Assessment must also be formative, an integral part of instruction. It is an information gathering process that enables teachers to make decisions about students’ learning and the direction instruction needs to take. It gives feedback to students that allow changes to be made to improve performance. The primary purpose of assessment then is to inform teaching and improve learning.
Much of the confusion teachers feel about assessment comes from mixing it with evaluation. Evaluation differs from assessment in that evaluation is the gathering of information to rate, score, grade, judge, or document. Actually much of what is being called classroom assessment is really classroom evaluation, and the power to monitor and adjust on the part of both the student and the teacher is lost. Good teachers must do both: assess and evaluate.
Evaluation alone judges one brief snapshot of what students know or can do. A complete assessment plan must include multiple opportunities for students to demonstrate their learning and attainment of standards using a variety of assessment tools.
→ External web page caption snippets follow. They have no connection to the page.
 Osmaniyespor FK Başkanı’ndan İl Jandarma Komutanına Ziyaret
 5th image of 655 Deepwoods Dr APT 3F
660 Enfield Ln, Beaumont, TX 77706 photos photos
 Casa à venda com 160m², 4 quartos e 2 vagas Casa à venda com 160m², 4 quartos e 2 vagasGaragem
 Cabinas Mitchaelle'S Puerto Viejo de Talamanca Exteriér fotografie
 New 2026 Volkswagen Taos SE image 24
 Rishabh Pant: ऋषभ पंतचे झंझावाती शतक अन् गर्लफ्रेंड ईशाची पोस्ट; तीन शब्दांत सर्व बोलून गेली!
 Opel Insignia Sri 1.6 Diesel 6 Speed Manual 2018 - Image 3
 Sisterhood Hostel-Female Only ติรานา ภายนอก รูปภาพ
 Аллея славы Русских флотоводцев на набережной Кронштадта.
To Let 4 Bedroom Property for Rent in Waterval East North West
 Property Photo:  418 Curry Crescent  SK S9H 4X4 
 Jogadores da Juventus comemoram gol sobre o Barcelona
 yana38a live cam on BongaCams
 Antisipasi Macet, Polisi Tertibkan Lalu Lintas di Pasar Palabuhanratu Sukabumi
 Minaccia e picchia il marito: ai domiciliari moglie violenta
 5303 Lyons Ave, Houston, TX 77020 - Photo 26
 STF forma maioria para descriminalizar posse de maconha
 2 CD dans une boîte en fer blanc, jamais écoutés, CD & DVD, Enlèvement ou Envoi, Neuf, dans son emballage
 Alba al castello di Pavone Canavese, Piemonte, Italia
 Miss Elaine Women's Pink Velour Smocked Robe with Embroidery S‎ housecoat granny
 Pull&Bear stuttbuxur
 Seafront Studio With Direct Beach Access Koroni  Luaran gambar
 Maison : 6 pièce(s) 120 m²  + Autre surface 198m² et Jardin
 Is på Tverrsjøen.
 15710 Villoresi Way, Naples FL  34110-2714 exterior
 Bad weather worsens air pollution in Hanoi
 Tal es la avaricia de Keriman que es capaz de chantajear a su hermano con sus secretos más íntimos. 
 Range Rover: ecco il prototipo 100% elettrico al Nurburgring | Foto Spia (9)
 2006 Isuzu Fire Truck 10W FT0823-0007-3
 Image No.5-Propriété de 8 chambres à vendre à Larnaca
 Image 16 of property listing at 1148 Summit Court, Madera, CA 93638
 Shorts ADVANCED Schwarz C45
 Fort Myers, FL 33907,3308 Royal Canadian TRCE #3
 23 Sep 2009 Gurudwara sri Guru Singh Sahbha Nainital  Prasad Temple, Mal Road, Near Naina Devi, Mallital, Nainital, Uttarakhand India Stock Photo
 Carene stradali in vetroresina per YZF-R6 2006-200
Teachers must move away from thinking of themselves as merely evaluators. Teachers must become assessors. To think like an assessor does not come easily or naturally because most teachers assess the way they were assessed (evaluated, really) in school. Teachers must begin by asking themselves what evidence will be necessary to assess the core knowledge that has been targeted. The next step is to fully understand the principles of assessment to create valid and appropriate assessments that give teachers and their students important information to monitor and adjust teaching and learning.
Types of Assessments
When choosing types of assessment, it is important to have a variety of assessment tools. It is critical that the type of assessment you choose matches the core, knowledge, and criteria being assessed.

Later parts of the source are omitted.